'OK,' she said.
'I'll tell you. We're setting up a lookalike at his house. A Special Branch guy. We've got the place ringed with police marksmen. George himself has been pulled out of circulation.'
'You think that'll work?'
'Look, I admit we were a little bit slow off the blocks with Gidley, but we're very much on-message now.
'On-message,' said Alex.
'Right.'
'This Watchman,' Dawn went on patiently.
'He's one man, he's on his own, he's got no support system to speak of It's not constructive to be too afraid of him.'
'He's a murderer,' said Alex.
'He's Regiment-trained. And he's spent several years in the field with the most sophisticated terror organisation in the world.'
'You sound as if you admire them.'
'Professionally speaking I do admire them. If I'd been born a working-class Catholic over the water I'd probably be a volunteer myself and most Regiment blokes will tell you the same thing. It doesn't mean you aren't prepared to do your job and waste as many of the fuckers as you can, but ultimately when you put a bullet through one of those boys and you look into his dying eyes you can see yourself as you might have been, and that's the truth.'
From the long habit of counter-surveillance, Alex glanced up at the rear-view mirror. The small movement and the dizzying motion of the reflected cars reminded him how much vodka was still in his bloodstream and he pressed the button to lower the passenger window. Fresh air rushed in. The sun had not yet burnt off the dew in the fields.

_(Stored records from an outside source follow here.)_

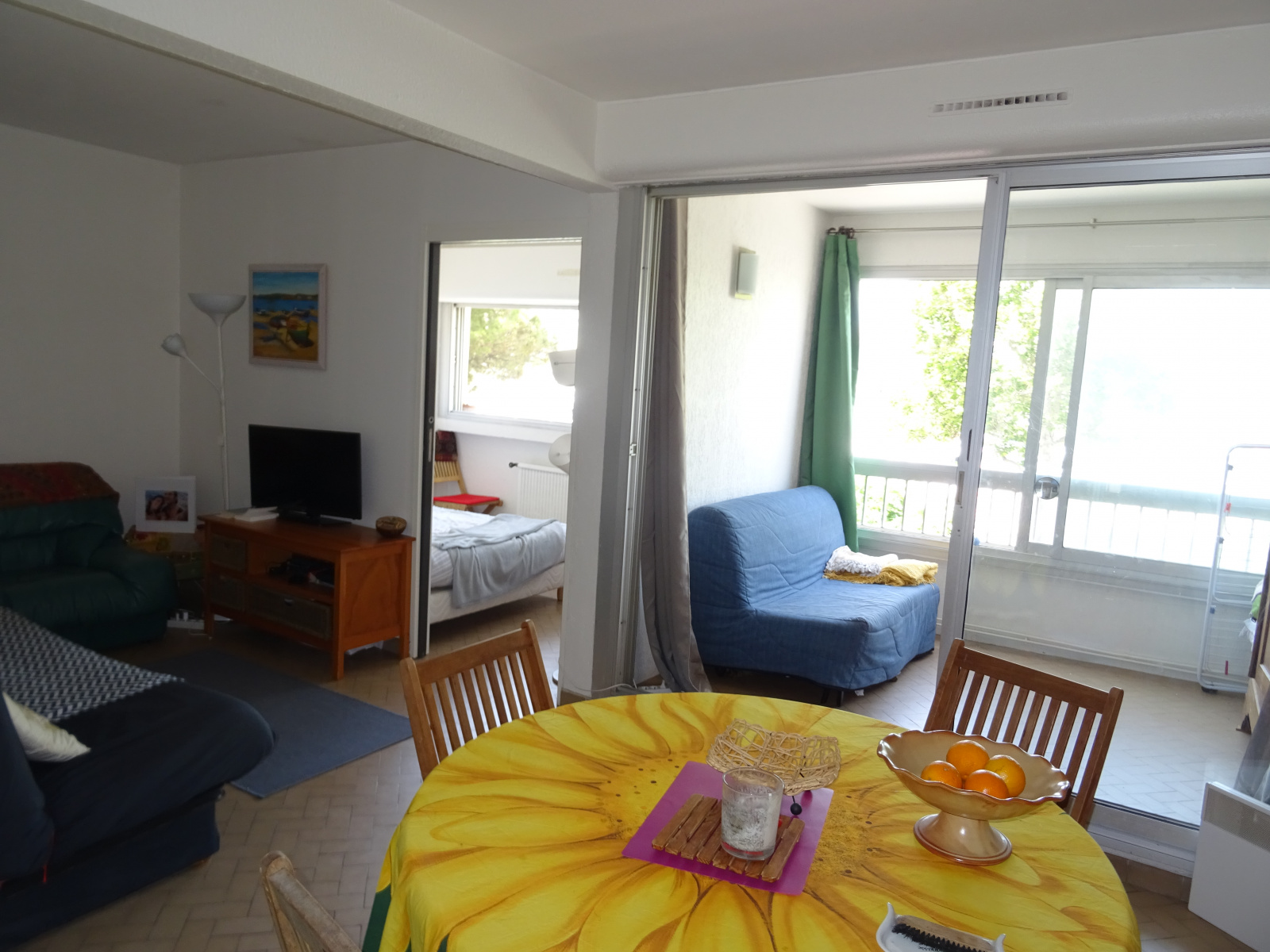 Image_, Appartement, Carnon plage, ref :210751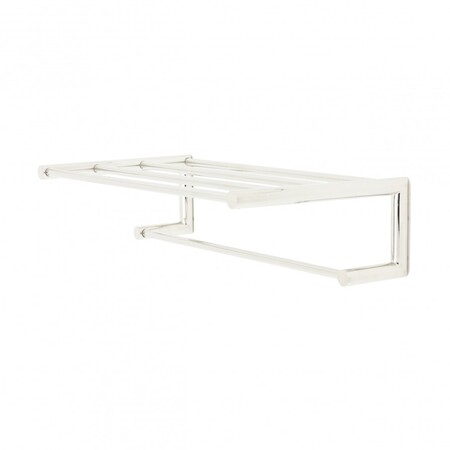 Frost Nova² Wardrobe 1 Wandgarderobe - poliert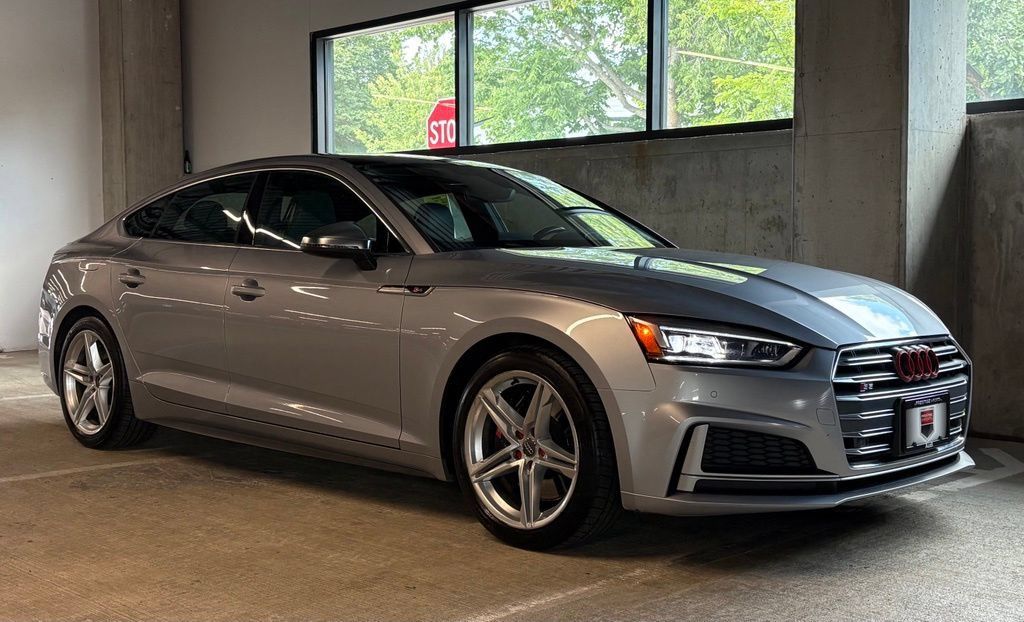 Used 2018 Audi S5 Premium Plus AWD/4WD image 10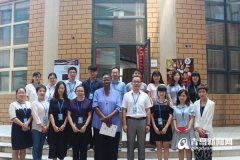 如何申请美国名校？康奈尔大学专家在济南托马斯实验学校如是说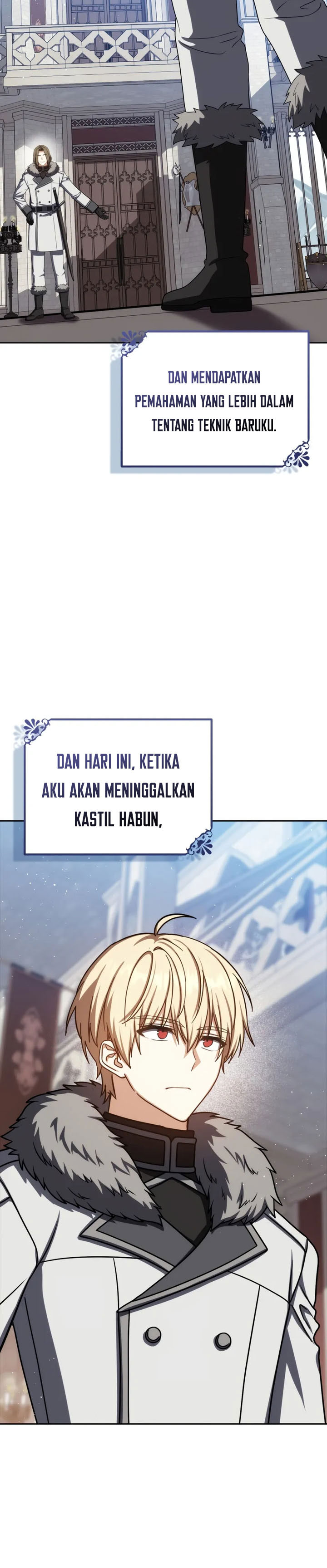 The Reincarnated Assassin is a Genius Swordsman Chapter 75 Gambar 3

'The PIRA are good,' he continued, 'and the thing they're better than anyone else at is security. They won't hesitate to cancel a hundred-man operation if one dicker's instinct tells him or her there's something not quite right that one too many cars has passed or that a man's coat's hanging wrong or there are no birds in a hedge where there should be birds. Our man Meehan will have absorbed all that. He'll wait as long as it takes. That's why I respect him. And that's why you people should respect him too.'
'Respect him, yes,' Dawn agreed, her eyes fixed on the road ahead.
'Fear him, no.'
'Given a choice between fear and arrogance,' said Alex mildly, 'I'll take fear every time. Nothing gets you killed faster than arrogance.
'We'll see, shall we?'
'I'm afraid we will, yes.
They settled into a sour, antagonistic silence.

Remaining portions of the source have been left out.